1. A method for embedding a sound watermark is suitable for a conference terminal, and is characterized in that the method for embedding the sound watermark comprises the following steps:

respectively receiving a first voice signal and a first sound watermark signal, wherein the first voice signal is related to the voice content of a speaker corresponding to another conference terminal, and the first sound watermark signal corresponds to the another conference terminal;

distributing the first voice signal to a host path to output a second voice signal, and distributing the first voice watermark signal to an offload path to output a second voice watermark signal, wherein the host path provides more digital signal processing sound effects than the offload path; and

synthesizing the second speech signal and the second audio watermark signal to output a synthesized sound signal, wherein the synthesized sound signal is used for audio playback.

2. The method of claim 1, wherein the step of receiving the first speech signal and the first sound watermark signal respectively comprises:

receiving a network packet via a network, wherein the network packet comprises the first voice signal and the first sound watermark signal; and

the first voice signal and the first voice signal are identified according to an identifier in the network packet.

3. The method of claim 1, wherein the steps of receiving the first speech signal and the first audio watermark signal respectively comprise:

receiving a first network packet via a network, wherein the first network packet comprises the first voice signal; and

receiving a second network packet via the network, wherein the second network packet includes the first sound watermark signal.

4. The method of claim 1, wherein the host path is used for voice call or multimedia playback, and the offload path is used for alert tone, ring tone or music playback.

5. The method of embedding a sound watermark according to claim 1, further comprising:

performing, by a host processor, signal processing on the host path; and

signal processing on the offload path is performed by a second processor.

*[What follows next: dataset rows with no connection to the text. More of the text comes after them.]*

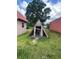 Exterior shot of a triangular wooden animal shelter with a red roofed building nearby in a grassy, rural setting at 14810 Brahma Rd, Polk City, FL 33868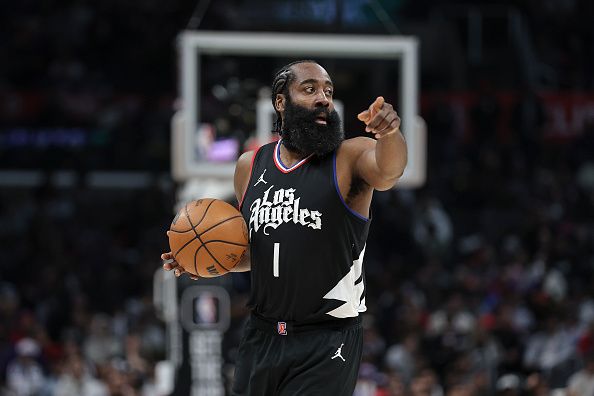 LOS ANGELES, CALIFORNIA - DECEMBER 06: James Harden #1 of the LA Clippers signals with the ball against the Denver Nuggets during the second half a game at Crypto.com Arena on December 06, 2023 in Los Angeles, California. NOTE TO USER: User expressly acknowledges and agrees that, by downloading and or using this photograph, User is consenting to the terms and conditions of the Getty Images License Agreement.  (Photo by Michael Owens/Getty Images)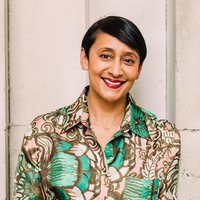 A woman with short brown hair is smiling. She is wearing a pink and green shirt.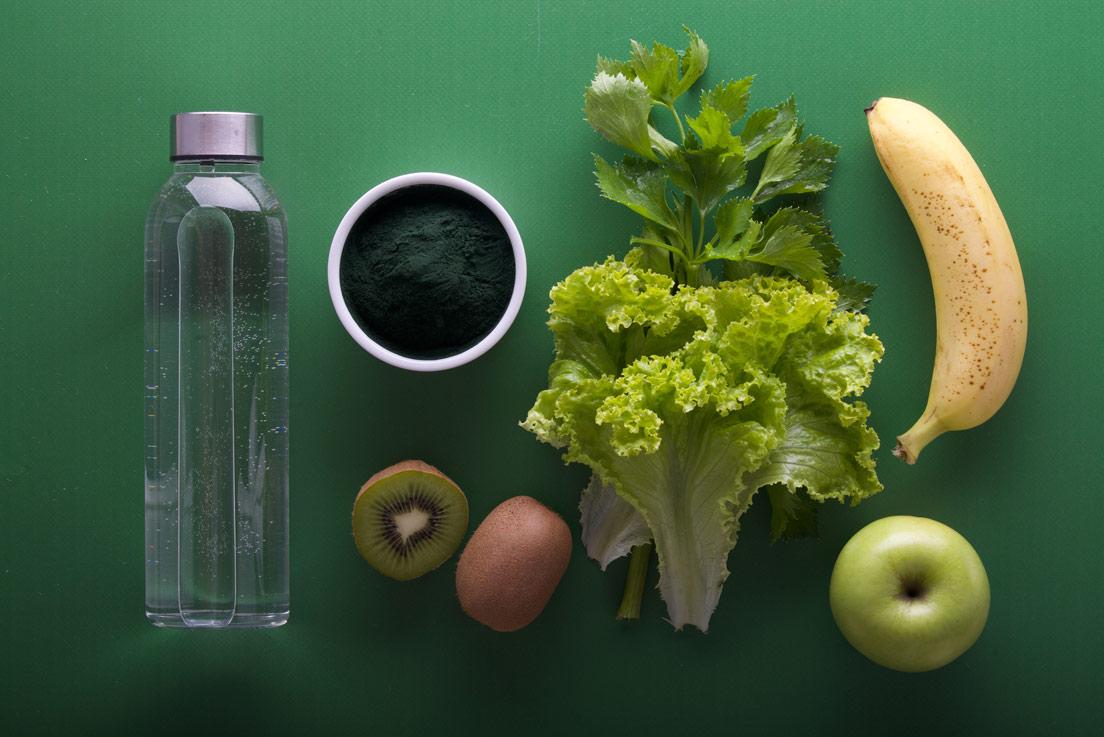 Top view of a bottle, greens and fruits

6. A conference terminal, comprising:

a radio for recording;

a speaker for playing sound;

a communication transceiver for transmitting or receiving data; and

a processor coupled to the radio, the speaker, and the communications transceiver, wherein the processor is configured to:

receiving a first voice signal and a first sound watermark signal through the communication transceiver respectively, wherein the first voice signal is related to the voice content of a speaker corresponding to another conference terminal, and the first sound watermark signal corresponds to the another conference terminal;

7. The conference terminal of claim 6, wherein said processor is further configured to:

receiving, by the communications transceiver, a network packet over a network, wherein the network packet includes the first voice signal and the first sound watermark signal.

8. The conference terminal of claim 6, wherein the processor is further configured to:

receiving, by the communications transceiver, a first network packet via a network, wherein the first network packet includes the first voice signal; and

receiving, by the communications transceiver, a second network packet via the network, wherein the second network packet includes the first sound watermark signal.

9. The conference terminal of claim 6, wherein the host path is for a voice call or multimedia playback and the offload path is for an alert tone, ring tone or music playback.

10. The conference terminal of claim 6, wherein the processor comprises:

a main processor to perform signal processing on the host path; and

a second processor for performing signal processing on the offload path.